The busbar 3 is bent and/or curved by the bending region 35, i.e. such that an angle is formed between the first busbar section 30 and the second busbar section 31. By means of the bending region 35, an internal angle in the range of 105 to 165 degrees or 120 to 150 degrees can be formed between the first busbar section 30 and the second busbar section 31. The bending region 35 can be configured, for example, such that the busbar 3, starting from the second busbar section 31, is bent concavely at a first radius R1 and then transitions into a convexly curved section having a radius of curvature R2, in each case in the viewing direction toward the mounting region 34. In this case, it is advantageous if the radius R1 is greater than the radius R2, for example at least twice as great.

In this way, the actuating lever 5 can be supported at least partially also on the arched region of the busbar 3, i.e. in the bending region 35, and can be moved along it in a pivoting movement.

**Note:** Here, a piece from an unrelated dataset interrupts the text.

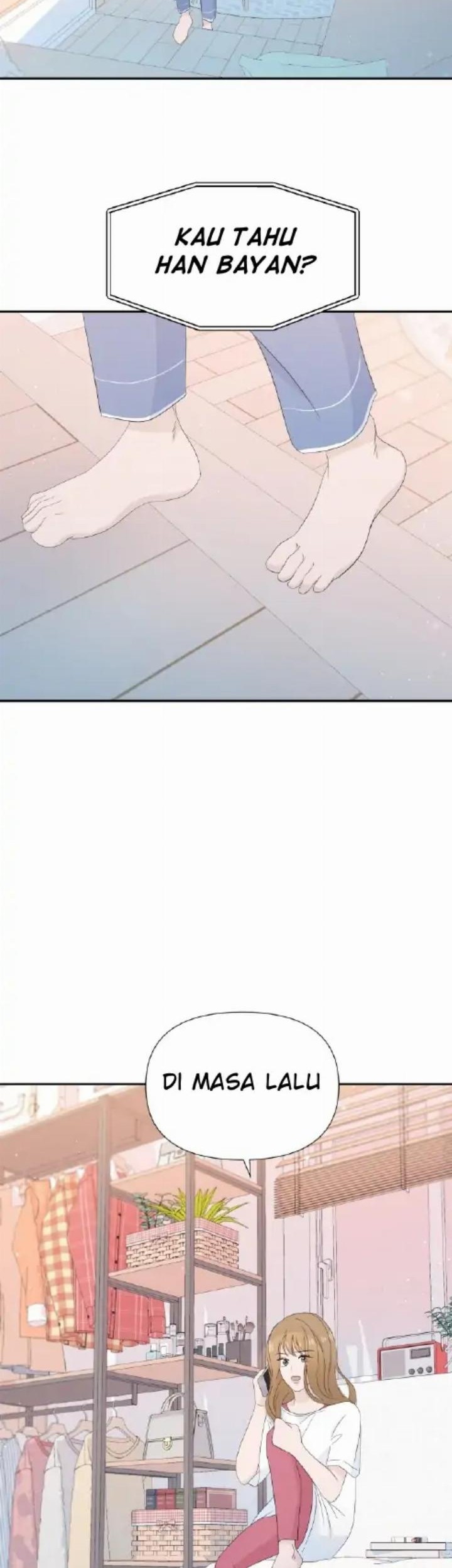 Can I Take It Back? Chapter 18 - Halaman 24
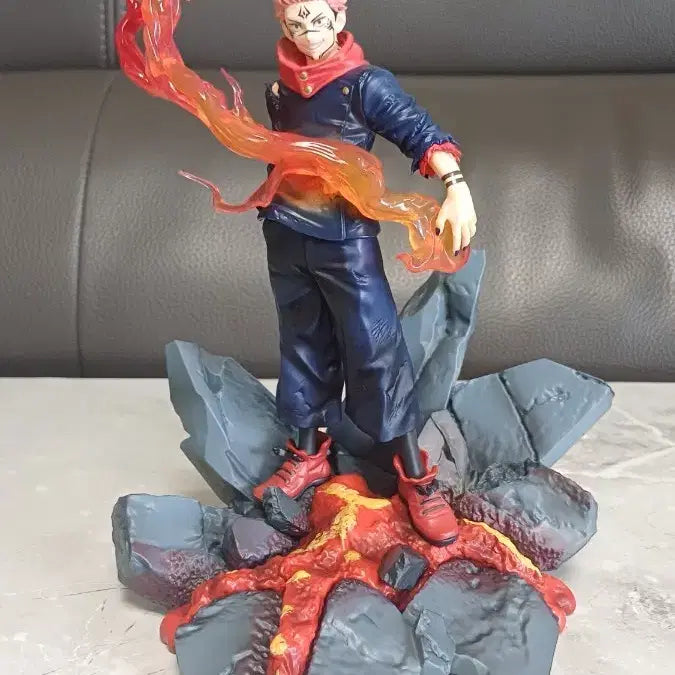 [BUNJANG] Sega Jujutsu Kaisen Ryomen Sukuna Figure / 세가 주술회전 료맨 스쿠나 피규어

Alternatively to the one-piece embodiment described so far, the busbar 3 can also be formed as a multi-piece embodiment, for example with two or more busbar sections separated from one another. In particular, the third busbar section 37 can be configured as a busbar section separate from the first and second busbar sections 30, 31. This is advantageous for example for applications in split terminals.

Fig. 15 shows a further embodiment of the connection terminal 1, in this case in the form of a rail-mounted terminal, wherein for example four connection terminals 1 are shown next to one another. The connection terminal 1 has the above-described configuration in the left-hand visible region, i.e. has the arrangement of the busbar 3, the clamping spring 4 and the actuating lever 5 in the insulating-material housing 2. The busbar 3 is in this case constructed in accordance with the embodiment of fig. 13 and 14, i.e. it has a third busbar section 37. The third busbar section extends into the region of the respective connection terminal 1 shown on the right, in which region at least one second conductor connection 8 having a second clamping point 9 is provided in each case. In the exemplary embodiment shown, each connecting terminal 1 has two second conductor connections 8 and two corresponding second clamping points 9. The respective second wire connection 8 is accessible via a further wire introduction opening formed in the insulating-material housing 2. The electrical conductor can be introduced into the second conductor connection piece 8 in the conductor introduction direction L2. The wire introduction direction L1 can be different from the wire introduction direction L2.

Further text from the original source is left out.